What to work on:
Beneath this line are the data; copy exactly the part of them that opens with the line containing "Продаётся 3-комнатная квартира, 57.7 м²" and closes with the line containing "508 Beach 45 Street Far Rockaway NY 11691", and only that part.

Available data:
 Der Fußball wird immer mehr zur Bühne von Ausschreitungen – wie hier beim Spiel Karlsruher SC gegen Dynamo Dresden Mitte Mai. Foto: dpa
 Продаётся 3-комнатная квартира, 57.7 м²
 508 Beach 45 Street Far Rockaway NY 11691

--

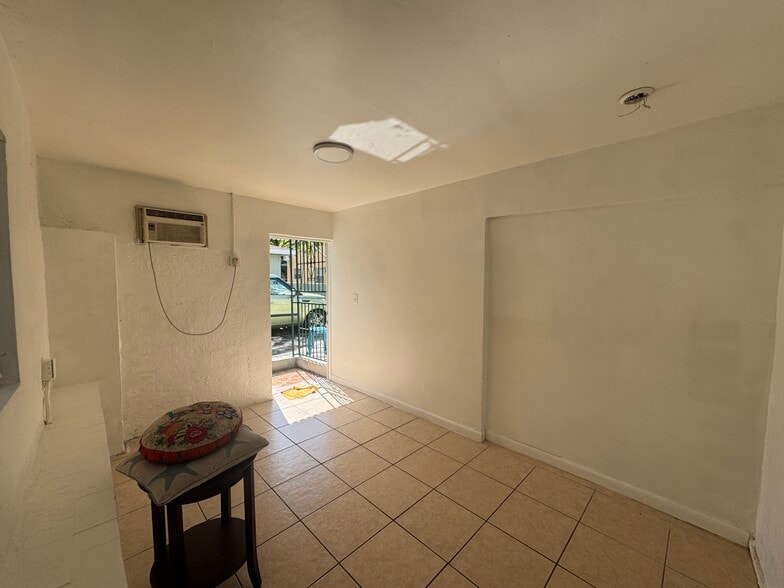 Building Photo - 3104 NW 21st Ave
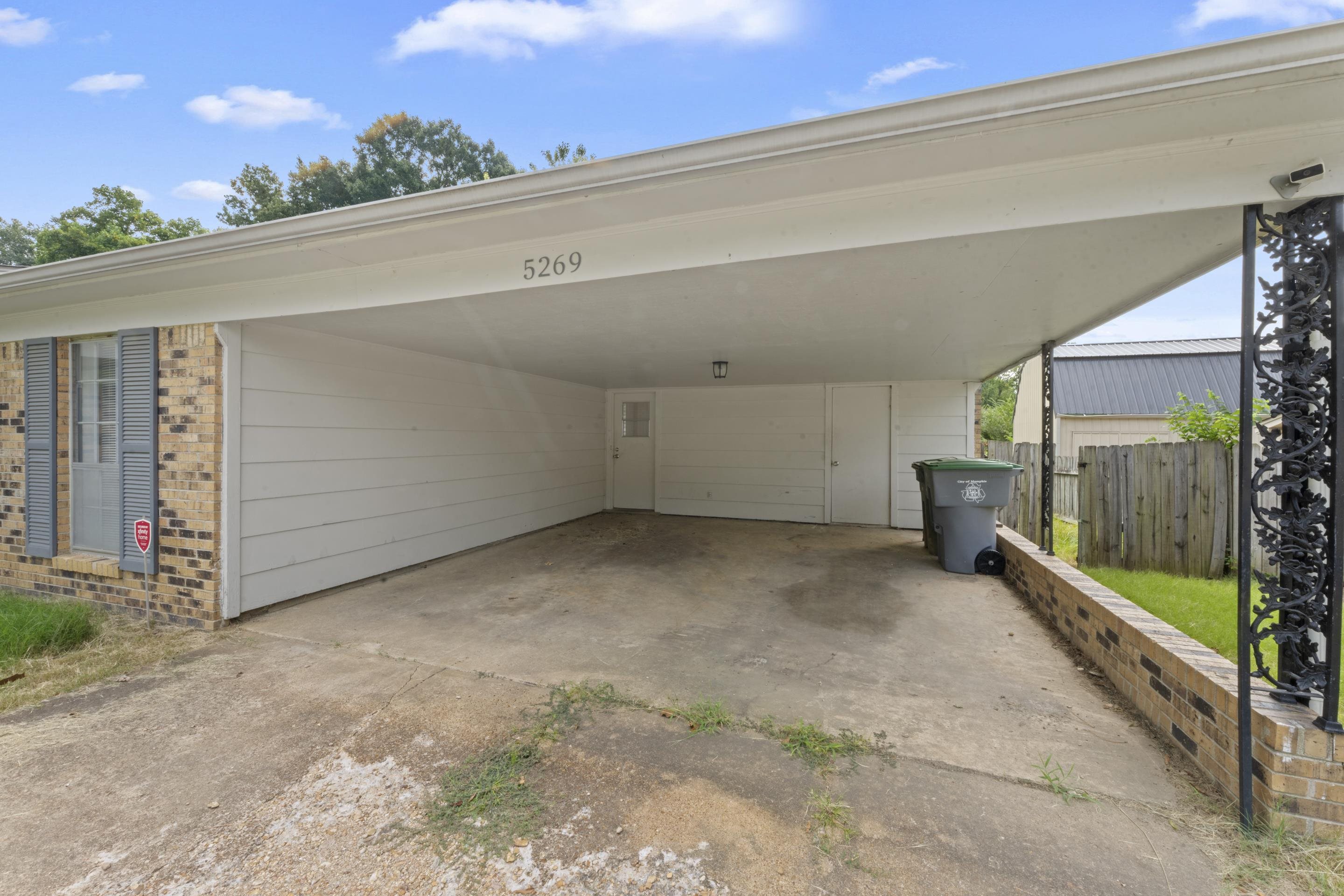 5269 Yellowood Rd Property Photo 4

Response:
 Продаётся 3-комнатная квартира, 57.7 м²
 508 Beach 45 Street Far Rockaway NY 11691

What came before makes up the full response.